According to founding member
Ralf Hütter -- the last original member after Florian Schneider quit in late 2008 -- this box is the final word on the music and artwork of those iconic recordings that helpredefined contemporary pop culture. Even today, Kraftwerk are openly acknowledged as inspirations by everyone from Radiohead to Hot Chip to LCD Soundsystem while their robotic theatricality and Teutonic sound design can be found in the fabric of today's biggest pop stars and most cutting-edge techno. Hütter, who admits to not being particularly nostalgic about Kraftwerk's past, talks to Spinner about why now is the time to finally compile a retrospective collection.

'Catalogue' amounts to a private retrospective for you. How was it listening back to all the recordings?

As you can imagine, we are playing some major compositions in our live concert, so it wasn't that strange to go through the old files. We did this once before in the mid-'80s, when we started to transfer all the original Kling Klang studio sounds from the very old analog tapes onto digital format, so it wasn't such a surprise to go into the old songs. It was more an engineering type of work.

Do you find yourself, even now, discovering new elements in the work you did back then?

Some ideas come back and some sounds modify over the years, so it's interesting. But I'm not a very retrospective person. I'm more looking forward.

Yet for all that lack of retrospection, there's this box set coming out. Why now?

Because it's finished. We have been touring so much over the last five years, traveling around the world, setting up shows and concerts. So this work was sleeping at the studio while we were traveling. When we came back, we continued looking back again. A lot of work that went into this, and this is where I was engaged, was in the graphic design, to restore the original artwork and to go through our old Kling Klang archives of drawings, films, videos, photos, paintings. Back in those days, the Kraftwerk music was conceived as a visual music, a filmic music. 'Autobahn,' let's say, we had this painting and more drawings, airbrush paintings and photos.

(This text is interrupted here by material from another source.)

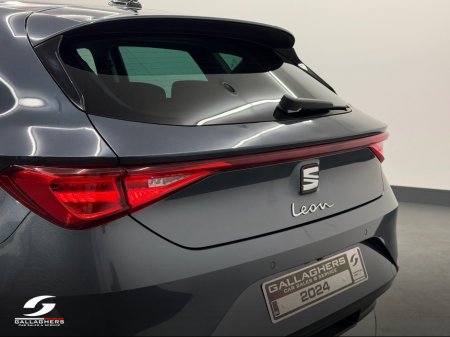 2024 SEAT Leon (241) SE PLUS 1.0 TSI 110HP €22,995 thumbnail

This was the case for all the albums. In those days, we could never release this. We used some of these on slides during the concerts. But again, only now have we been able to put these into product of 'The Catalogue 12345678,' and EMI/Mute have now cooperated with us so we can release it. There were so many bad-quality CDs or albums out there -- misprints or bootlegs or strange edits -- and now for the first time ever we can have the albums come out in the original form.

It's actually strange to hear you say that. One gets the impression from the outside that the band is a very controlled entity.

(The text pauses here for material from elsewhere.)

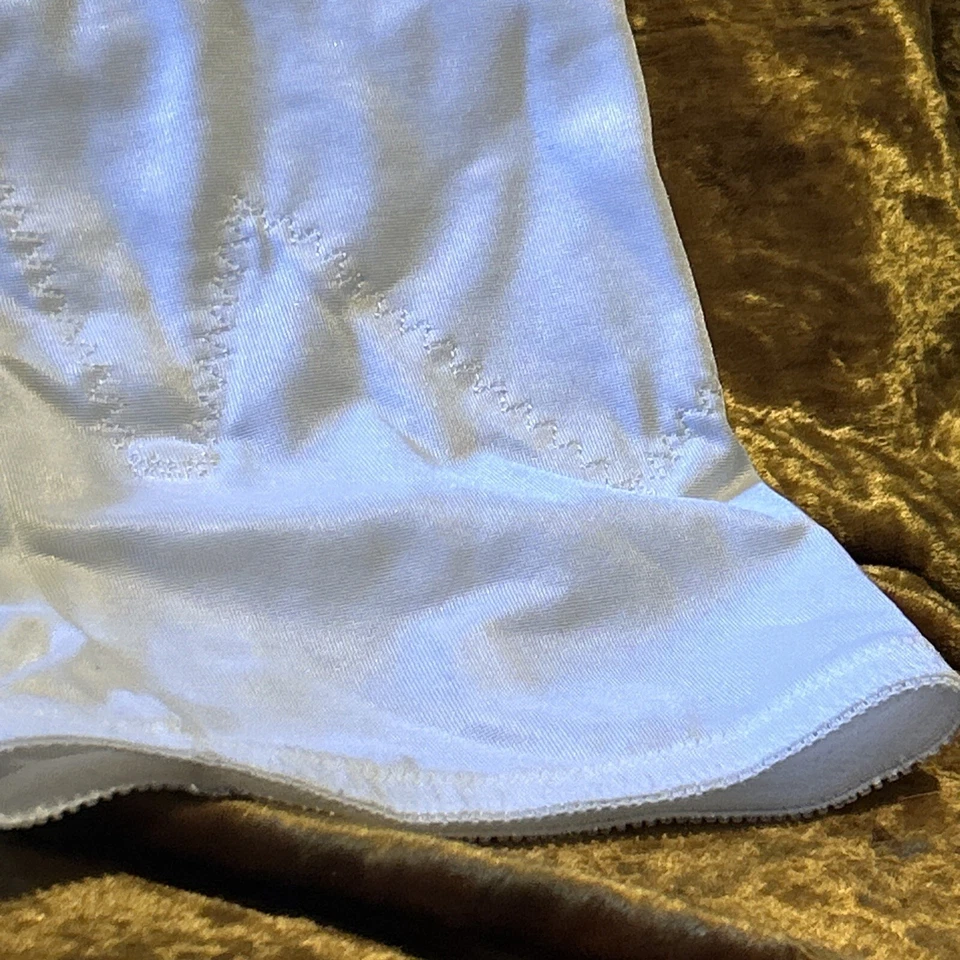 Винтажная Lily of France Triple Control Shaper Белая Женская Размер Large - Изображение 4 из 4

Here in Germany, of course. But when we started in the early to mid-70s, when things came out in America somebody lost his brain in Los Angeles and put silly covers to our records. Things like that. Or somebody in London commissioned some stupid animation films.

I'm not complaining, but there has been such a mess of very bad-quality non-Kraftwerk product that now we have the original intention, for the very first time. Also, we always did more artwork than was necessarily used. We did little booklets or comics and film scripts, which were never released. Most of this is now put into the 'Catalogue' packaging of the box set and some also for the CD albums. In film, you would call it a director's cut.

There are four albums that are not part of this box set: the Organization [Hütter's pre-Kraftwerk album with founding member Florian Schneider] and the first three Kraftwerk albums. Why not include them?

Well, the Organization album was not a Kraftwerk album. Those were recording sessions that were merely released. But the first three Kraftwerk albums, these are the next step for me to go look into our archives. So those may be released sometime in the future, also. But we started with the main electro-Kraftwerk albums because that's where our electronic work really started with the activities that make up the Kraftwerk that we know today.

Out of all of these albums, do you have a favourite?

No, that's a question that is not allowed. You cannot ask a mother for her favourite child.

But there is definitely a sense of development that happens over these albums, artistic achievements first seen on 'Autobahn' that were fully realized by the time we get to, say, 'Trans-Europe Express' and 'The Man-Machine.' Do you remember feeling any of that evolution while making those records?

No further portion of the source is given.